I remember little of our first conversation, only remembering that it was filled with some of the same laughs, ribbing and snorts1 that we now share. From that first evening, her smile still comes to me through my memory of the bar’s smoky haze, and I smile in the quiet of my apartment. Our first weeks were sweet with the taste of Bass ale and expectations, and few minutes remain that aren’t golden or polished in my memory.

Two years later, and equanimity has crept in. Equanimity, not unhappiness: I still look at her half-heartedly leafing through a magazine — seeing the pages but not the words printed on them — and I smile; I catch her trying to catch my eye from across a crowded room, and we exchange a secret grin; I watch her bring her hand to her laughing mouth, splaying her fingers (with index and middle fingers brushing her lips, so very slightly) as she does so, and am happy that only I know what to make of that. But it’s precisely that — even though arguments and exasperation have occasionally clanked into place, it’s only now that this aggregation of secret signs, signposts, smiles accrues any meaning.
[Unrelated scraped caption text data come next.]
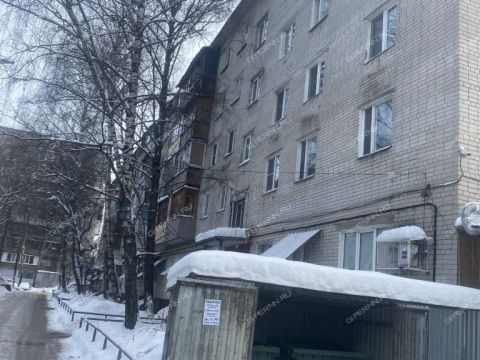 4-komnatnaya-ul-makovskogo-d-21 фото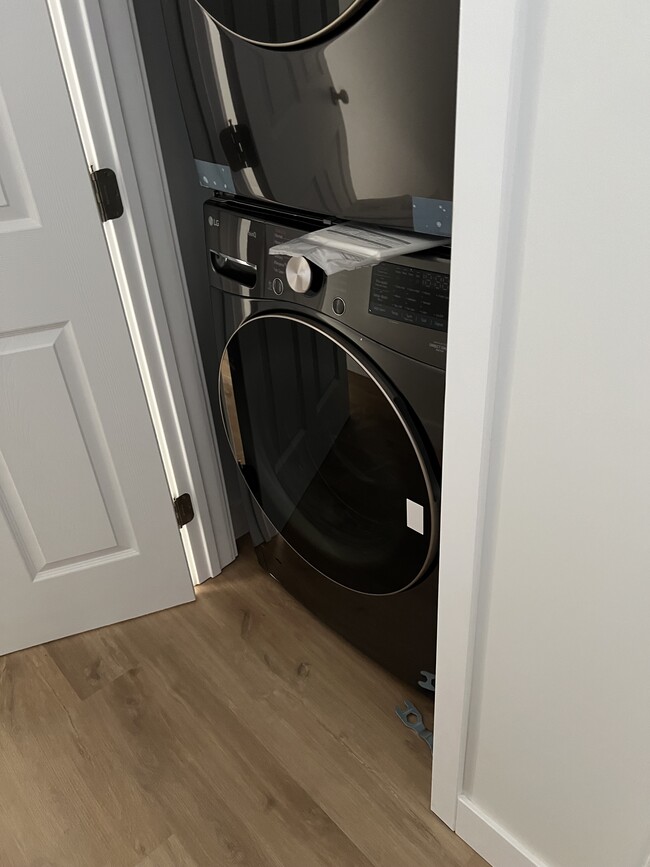 Building Photo - 951 N Oxford Ave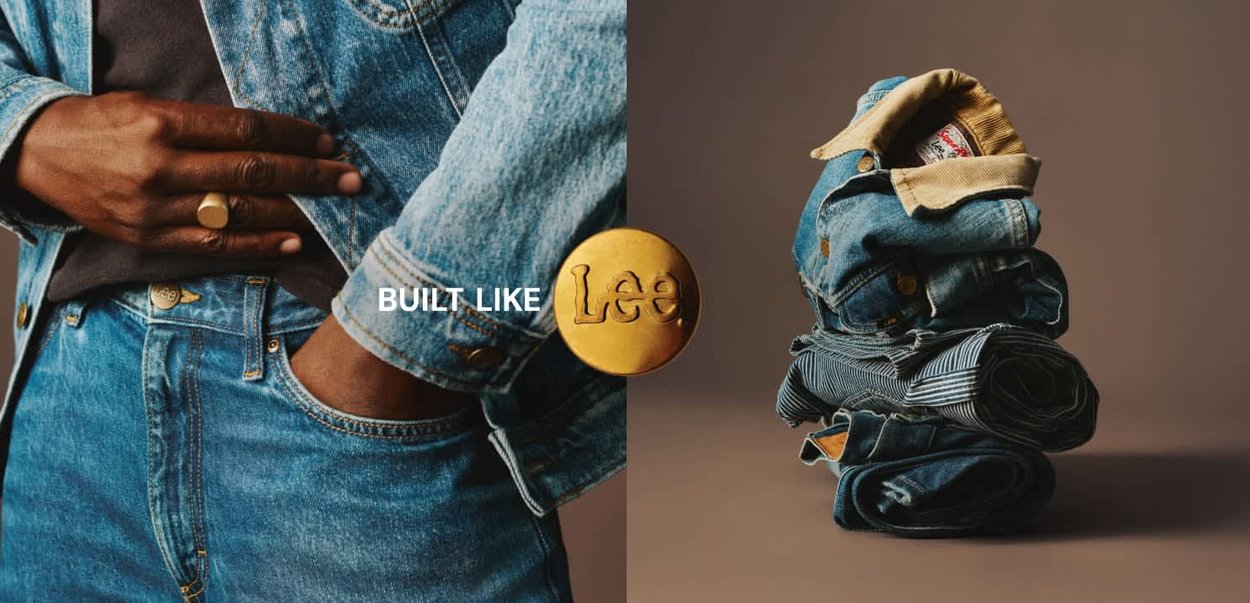 Denimjakke i lys blå nyanse med gullhardware, parret med brettede denimbukser i forskjellige nyanser, med synlige sømmer og teksturer.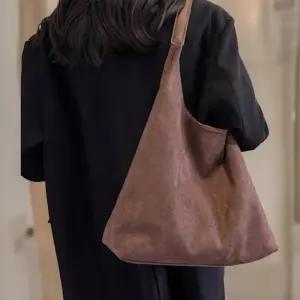 [신상오픈런]여성용 가을 빅백 스웨이드 배색 숄더백 하객 스타일 (42240543)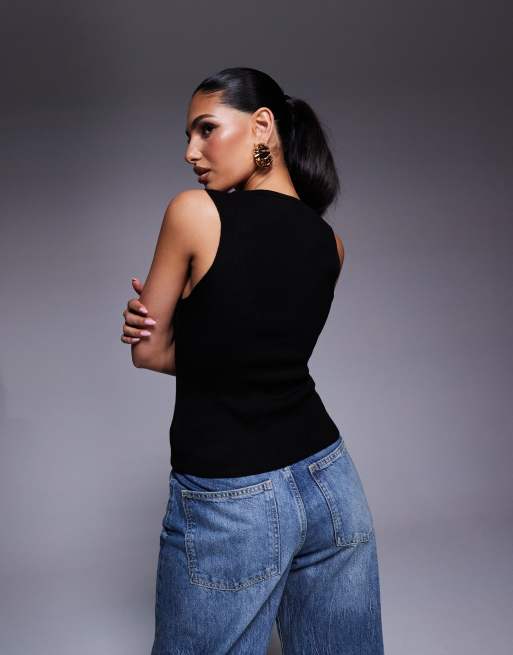 ASOS DESIGN – Svart, stickad och strukturerad topp med guldfärgad metallring, 3 av 4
In the unabashed optimism of those first shining weeks, we were without that secret language that now only we speak, having learned to do so over the past months. I would take another world of tears and angry silences over losing the language you’ve taught me, my love — I feel as though I need another language to thank you rightly.

Outside my apartment, I can hear Canadian geese calling, winging their way north. Happy anniversary, to my one and lovely.

1 Yes, she snorts when she laughs. Go figure.